Yo pensaba que era la dueña de las escenas más tristes, tirada en la cama llorando en la oscuridad de mi cuarto, con una canción triste de fondo... lo creía hasta que lo vi. Estaba sentado en la cocina frente a una tele que miraba sin ver. Estaban dando una repetición de Casados con Hijos y el ambiente estaba totalmente iluminado por el sol que entraba por las ventanas. Hacía calor lindo de septiembre. Pero él lloraba desconsoladamente. Con los reidores de fondo, con ese día hermoso, en la cocina, sentado bien erguido en la silla de la mesa como si estuviera jugando al truco o por comer. Todo digno de un día normal, bastante agradable y banal por cierto, pero, eso: las lágrimas. Caían como cataratas sobre su cara desolada, y no digo "cataratas" solo porque salían como chorros, sino porque parecía que no iban a frenar nunca. 

Había estado angustiado todo el día. Además estaba disfónico y tenía ganas de vomitar. Pero no le salía nada. Ni el llanto, ni la voz, ni vomitar. No había decidido si entregarse a la tristeza con música acorde o pelearla con Los Auténticos Decadentes o algo así. Por eso había dejado Casados con Hijos. Pero no estaba prestando atención. Él mismo quería creerse la escena: algo gracioso en la tele, clima ideal, luz. Pepe Argento, primavera, sol. Una postal llana pero agradable. Pero no.

Le preocupaba la voz y el estómago, pero más la tristeza. Porque la voz la tenía así por los goles que había gritado hacía un rato -y por la gira-; las ganas de vomitar eran por lo que había tomado la noche anterior y el almuerzo pesado que se había mandado; pero de la tristeza no tenía idea. Aunque la reconocía bien. No la entendía pero la sentía. Ahí. Ahorcándolo desde adentro del cuello. 

Quizás por eso no podía llorar. Y así fue como pudo cuando dijo: "me quiero desarmar en alguien". Sí, "dijo". Porque aunque estaba solo lo pronunció en voz alta. Y fue al escucharse que se quebró en llanto. "¿Hace cuanto no me desarmo en un abrazo? Llorar un hombro, aflojar los brazos, gritar, decir no puedo más. Que el otro me sostenga firme, que me diga no pasa nada. Llenarlo de mocos y que no le moleste, y que a mí tampoco me incomode. ¿Hace cuánto no tengo en quién desarmarme?". 

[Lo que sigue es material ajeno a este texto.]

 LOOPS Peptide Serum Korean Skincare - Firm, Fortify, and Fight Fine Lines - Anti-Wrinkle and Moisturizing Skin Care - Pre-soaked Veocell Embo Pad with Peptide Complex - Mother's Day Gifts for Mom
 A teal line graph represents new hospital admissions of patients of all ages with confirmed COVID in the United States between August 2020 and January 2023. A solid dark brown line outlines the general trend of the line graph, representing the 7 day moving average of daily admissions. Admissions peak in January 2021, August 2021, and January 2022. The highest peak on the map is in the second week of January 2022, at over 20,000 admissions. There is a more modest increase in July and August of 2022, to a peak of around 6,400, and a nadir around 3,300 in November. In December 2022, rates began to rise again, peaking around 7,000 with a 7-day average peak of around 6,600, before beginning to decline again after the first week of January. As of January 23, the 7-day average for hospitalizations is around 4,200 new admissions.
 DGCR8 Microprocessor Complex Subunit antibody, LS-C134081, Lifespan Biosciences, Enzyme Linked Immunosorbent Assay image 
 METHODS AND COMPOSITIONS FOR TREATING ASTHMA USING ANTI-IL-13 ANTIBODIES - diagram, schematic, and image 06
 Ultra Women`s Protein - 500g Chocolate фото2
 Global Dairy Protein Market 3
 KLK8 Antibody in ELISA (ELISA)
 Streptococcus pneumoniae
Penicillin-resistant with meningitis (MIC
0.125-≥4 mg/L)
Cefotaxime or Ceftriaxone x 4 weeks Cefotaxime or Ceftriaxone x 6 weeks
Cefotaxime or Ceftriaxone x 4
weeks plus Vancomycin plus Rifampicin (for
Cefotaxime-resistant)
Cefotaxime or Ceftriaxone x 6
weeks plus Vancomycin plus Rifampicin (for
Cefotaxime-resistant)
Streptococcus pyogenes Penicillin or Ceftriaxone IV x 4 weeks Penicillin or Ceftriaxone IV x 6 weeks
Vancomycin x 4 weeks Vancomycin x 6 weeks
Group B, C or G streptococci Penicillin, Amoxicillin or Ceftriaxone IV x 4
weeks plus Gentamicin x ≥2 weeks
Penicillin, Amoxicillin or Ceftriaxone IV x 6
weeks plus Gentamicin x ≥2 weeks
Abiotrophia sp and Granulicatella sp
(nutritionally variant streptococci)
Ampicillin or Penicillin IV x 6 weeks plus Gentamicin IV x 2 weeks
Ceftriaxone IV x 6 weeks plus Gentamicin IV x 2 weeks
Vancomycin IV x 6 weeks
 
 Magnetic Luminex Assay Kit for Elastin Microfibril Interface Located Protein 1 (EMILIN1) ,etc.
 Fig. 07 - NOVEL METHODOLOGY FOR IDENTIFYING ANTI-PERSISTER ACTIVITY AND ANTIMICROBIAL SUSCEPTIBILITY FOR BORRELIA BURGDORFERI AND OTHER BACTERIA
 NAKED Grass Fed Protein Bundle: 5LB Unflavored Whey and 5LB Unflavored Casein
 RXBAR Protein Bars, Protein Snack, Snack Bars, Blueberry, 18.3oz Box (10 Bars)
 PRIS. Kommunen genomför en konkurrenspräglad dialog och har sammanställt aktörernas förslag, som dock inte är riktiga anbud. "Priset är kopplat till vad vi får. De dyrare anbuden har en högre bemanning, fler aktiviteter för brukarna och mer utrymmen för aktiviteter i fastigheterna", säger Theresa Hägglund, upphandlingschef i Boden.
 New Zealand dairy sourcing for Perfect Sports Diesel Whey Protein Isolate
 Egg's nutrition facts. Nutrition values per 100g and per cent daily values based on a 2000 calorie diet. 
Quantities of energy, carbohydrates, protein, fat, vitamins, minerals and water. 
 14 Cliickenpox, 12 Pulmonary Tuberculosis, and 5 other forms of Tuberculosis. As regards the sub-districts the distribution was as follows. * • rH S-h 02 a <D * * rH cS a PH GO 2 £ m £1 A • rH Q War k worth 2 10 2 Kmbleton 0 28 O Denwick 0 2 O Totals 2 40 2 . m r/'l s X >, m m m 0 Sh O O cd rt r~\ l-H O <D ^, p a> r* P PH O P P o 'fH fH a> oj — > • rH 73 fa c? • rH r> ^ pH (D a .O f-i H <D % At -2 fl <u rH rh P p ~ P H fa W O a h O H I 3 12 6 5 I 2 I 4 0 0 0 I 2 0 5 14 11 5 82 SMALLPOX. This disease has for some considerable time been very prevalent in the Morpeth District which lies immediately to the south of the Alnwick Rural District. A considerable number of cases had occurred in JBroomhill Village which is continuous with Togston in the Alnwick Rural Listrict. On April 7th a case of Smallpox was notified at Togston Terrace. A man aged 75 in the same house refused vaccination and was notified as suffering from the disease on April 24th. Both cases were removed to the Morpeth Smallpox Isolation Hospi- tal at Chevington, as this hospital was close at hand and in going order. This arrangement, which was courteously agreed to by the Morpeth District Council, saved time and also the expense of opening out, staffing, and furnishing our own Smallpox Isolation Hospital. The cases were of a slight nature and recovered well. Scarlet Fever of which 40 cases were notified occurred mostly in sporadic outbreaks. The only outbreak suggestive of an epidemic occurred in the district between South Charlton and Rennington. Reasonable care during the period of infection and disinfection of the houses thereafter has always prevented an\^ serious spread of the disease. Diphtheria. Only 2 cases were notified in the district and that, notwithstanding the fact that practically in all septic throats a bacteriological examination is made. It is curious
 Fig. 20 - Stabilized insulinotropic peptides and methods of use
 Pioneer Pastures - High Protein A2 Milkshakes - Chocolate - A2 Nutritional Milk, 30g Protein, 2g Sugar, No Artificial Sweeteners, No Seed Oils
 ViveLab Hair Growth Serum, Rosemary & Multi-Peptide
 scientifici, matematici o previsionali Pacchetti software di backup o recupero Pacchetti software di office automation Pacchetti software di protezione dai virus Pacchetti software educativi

A medida que hablaba, lloraba un poco más. Porque se escuchaba, como si no fuera él, pero sí era, entonces más lágrimas, así hasta que vomitó. Después la voz se le había ido por completo y aunque hubiera querido seguir describiendo su desconsuelo, no habría podido. Fue así que se entregó a Pepe Argento, mientras las lágrimas se secaban solas. No había solucionado nada, pero mañana seguramente concluiría que había exagerado y seguiría como un idiota en el camino de los muchos vínculos superficiales y nadie en quien desarmarse. Es más fácil eso que hacer recalcular al GPS.